It's pointless to deliberately send invalid input to a function that expects (for a good reason) that the input is valid -- you will create a ton of worthless noise instead of looking for actual problems.

> Furthermore, assuming that no duplicates exist is a rather strong assumption that should always be questioned.

How do you even come up with this? Do you write your code in such a way that any time it pulls a value from a dictionary, you iterate over the dictionary keys to make sure that they are unique?... There are plenty of things that are meant to be unique by design. The function in question wasn't meant to check if the points were unique. For all we know, the function might have been designed to take a map and the data was lost even before this function started processing it...

You really need to try doing what you suggest before suggesting it.


I am not going to comment the first paragraph since you turned my words around.

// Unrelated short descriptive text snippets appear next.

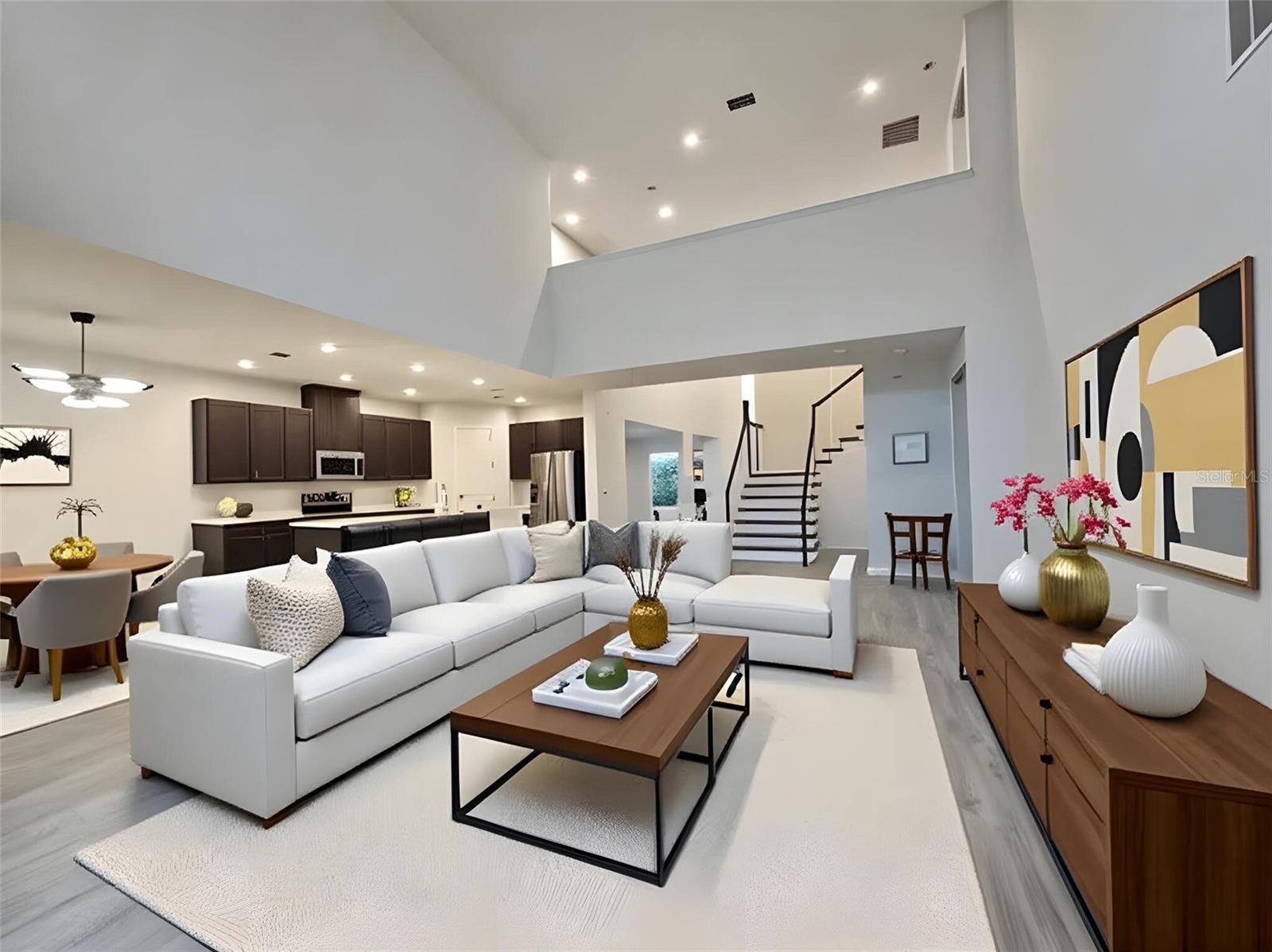 BELLALAGO PH B-2 - Residential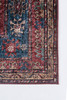 Momeni Karachi KAR-1 Burgundy Machine Made Area Rugs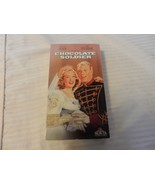 The Chocolate Soldier (VHS, 1989) Nelson Eddy, Rise Stevens - $19.00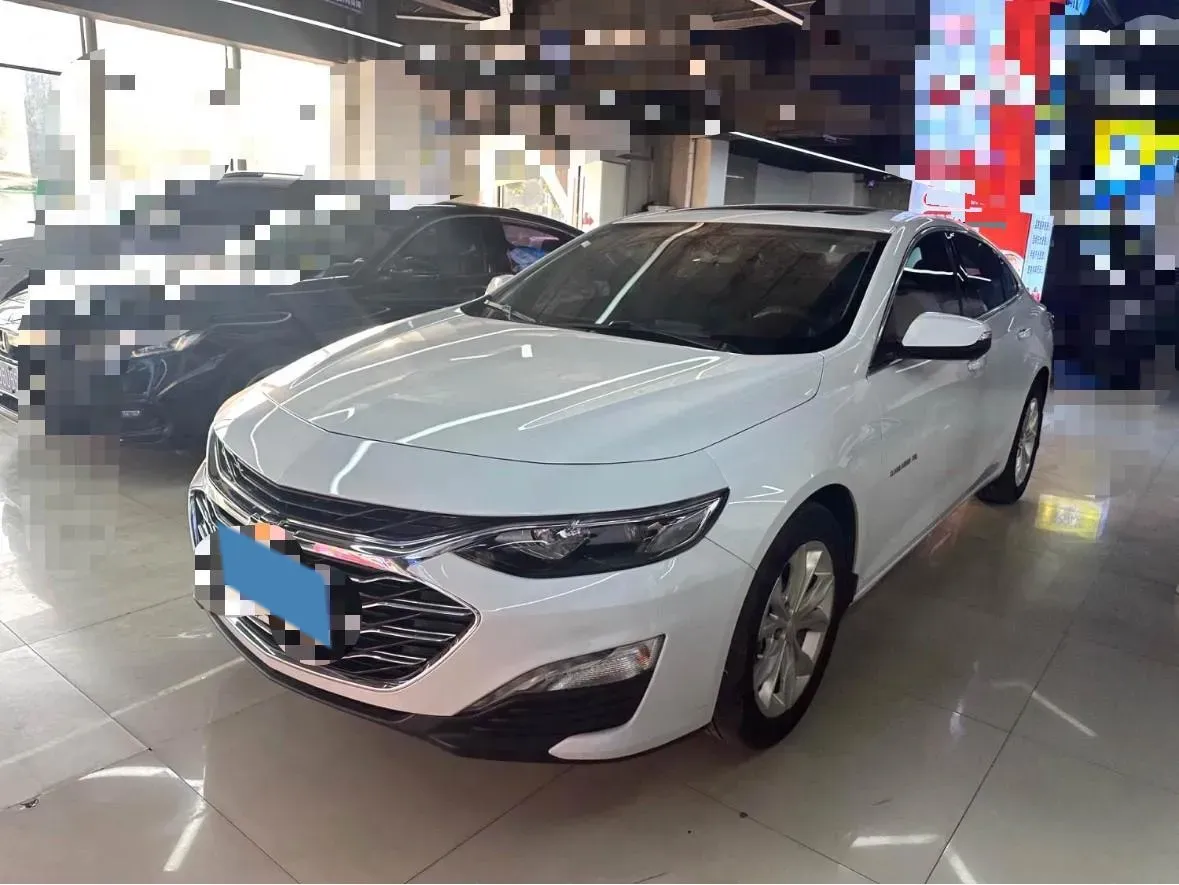 2021 Chevrolet Malibu XL 1.5T 169HP L4 9AT,autocango,china used car exporter,china ev exporter,chinese used car exporter,chinese used ev exporter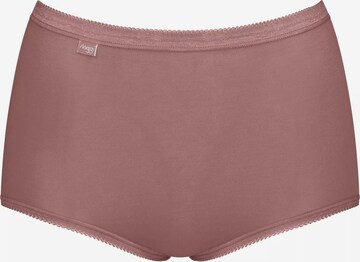 SLOGGI Panty 'Basic+' i lilla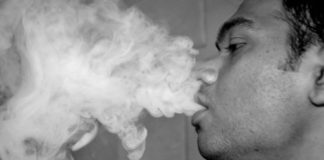 Chicha électronique, une tendance aux multiples avantages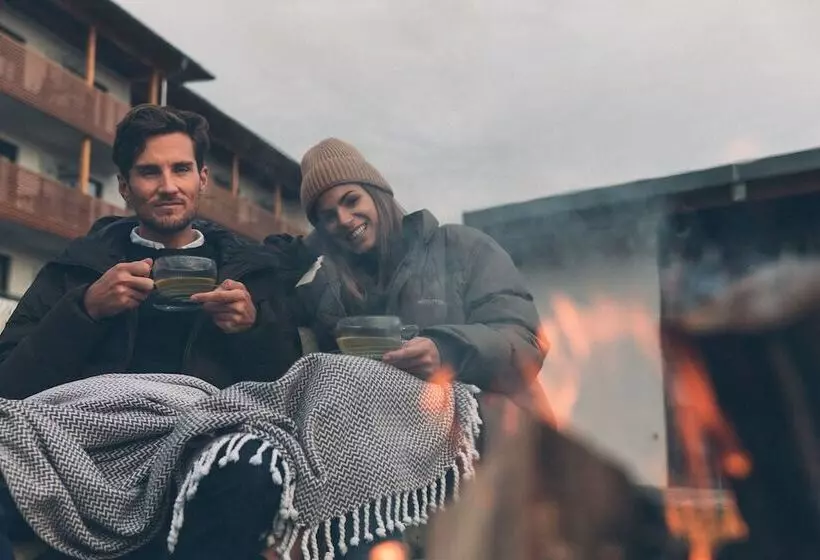 Hotel Eibl Brunner 4 Sterne Superior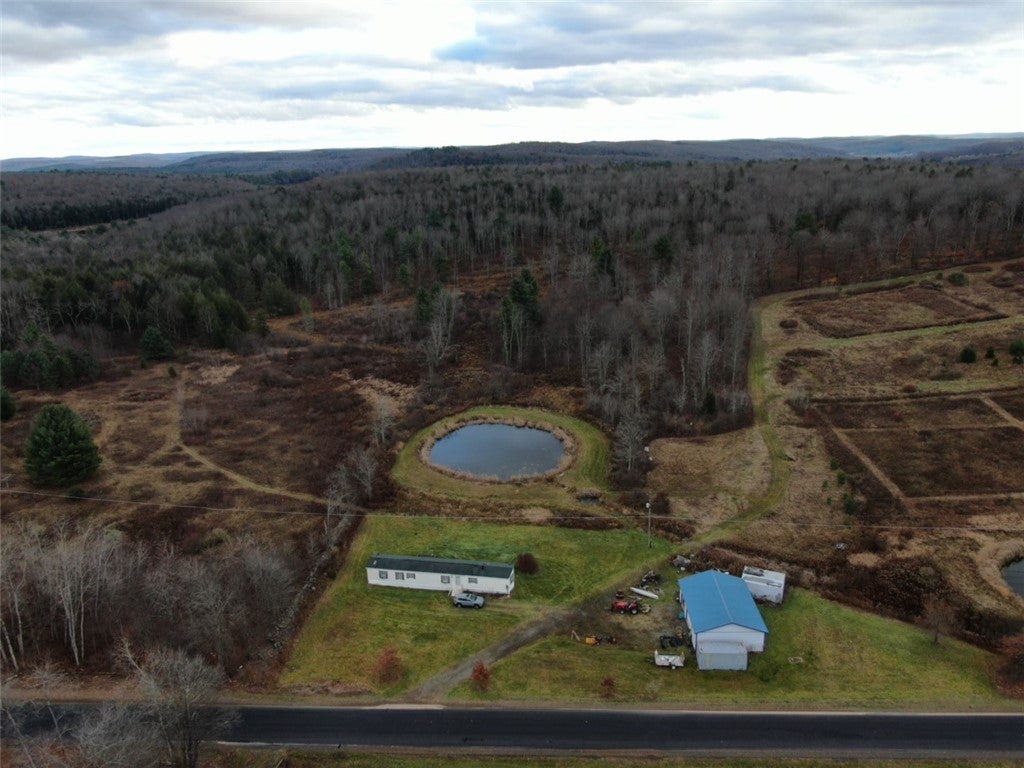140 Round Pond Road — photo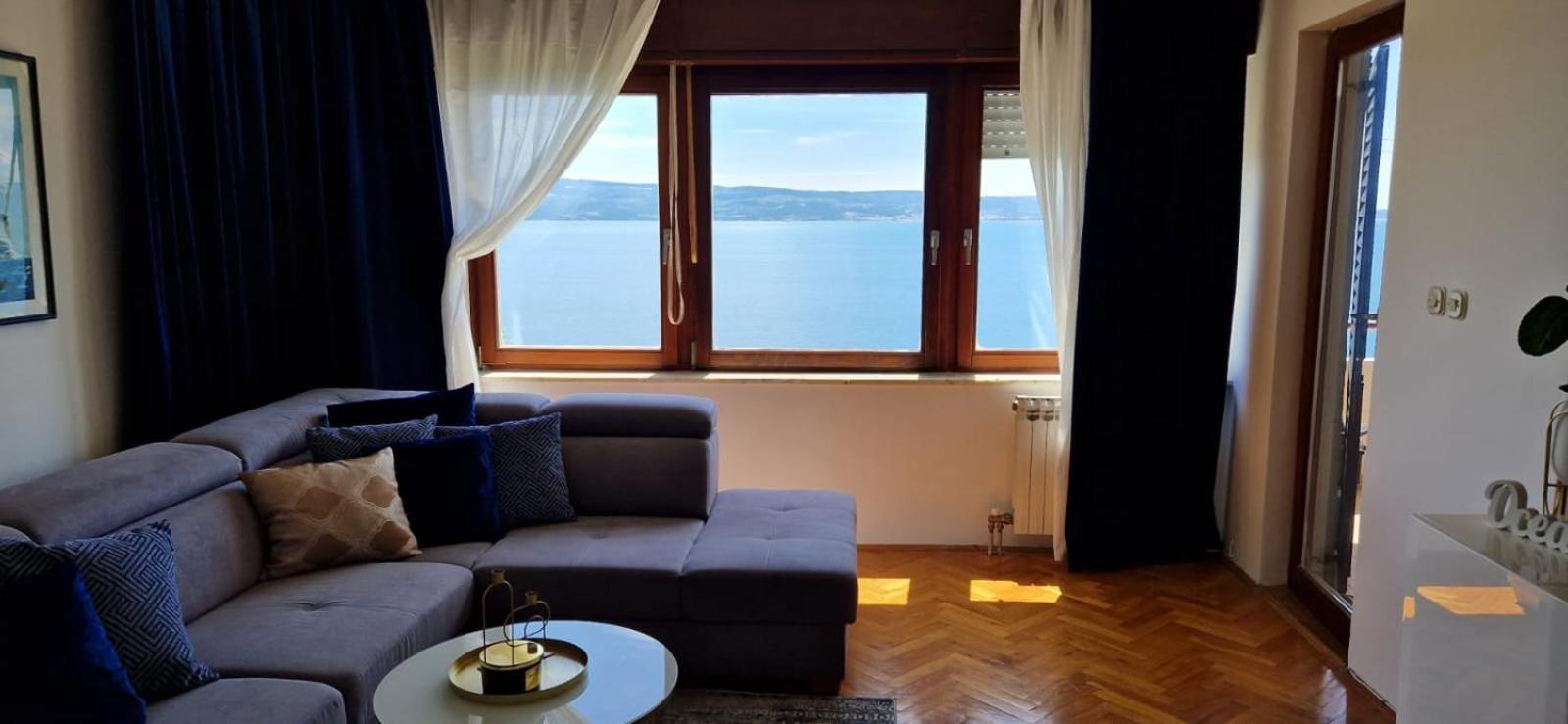Ocean Apartman Йесенице Екстериор снимка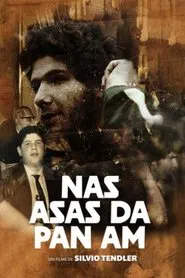Nas Asas da Pan Am movie poster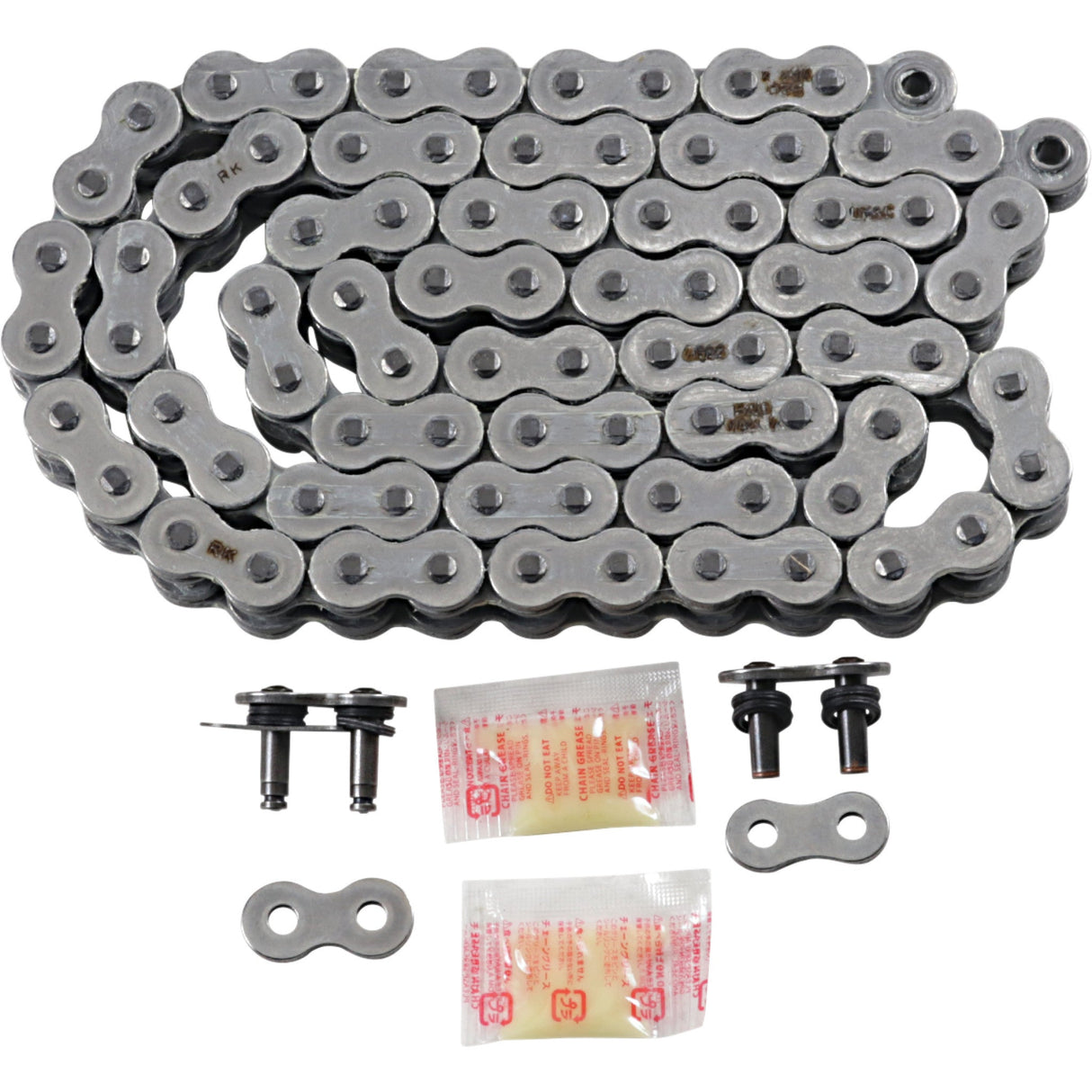 RK 1223-0935 520MAXX-116 520 Max X Chain 520 - Max X Chain - 116 Links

> How do you even come up with this? Do you write your code in such a way that any time it pulls a value from a dictionary, you iterate over the dictionary keys to make sure that they are unique?

A dictionary in my program is under my control and I can be sure that the key is unique since... well, I know it's a dictionary. I have no such knowledge about data coming from external systems.

> There are plenty of things that are meant to be unique by design. The function in question wasn't meant to check if the points were unique. For all we know, the function might have been designed to take a map and the data was lost even before this function started processing it...

"Meant to be" and "actually are" can be very different things, and it's the responsibility of a programmer to establish the difference, or to at least ask pointed questions. Actually, the programmers did the correct thing by not sweeping this unexpected problem under the rug. The reaction was just a big drastic, and the system did not make it easy for the operators to find out what went wrong.

Edit: as we have seen, input can be valid, but still not be processable by our code. That not fine, but it's a fact of life since specs are often unclear or incomplete. Also, the rules can actually change without us noticing. In these cases, we should make it as easy as possible to figure out what went wrong.


I've only heard from people engineering systems for aerospace industry and we're speaking hundreds of pages of api documentation. It is very complex so equally the chances of a human error are higher.


I agree with the general sentiment "if you see an unexpected error, STOP", but I don't really think that applies here.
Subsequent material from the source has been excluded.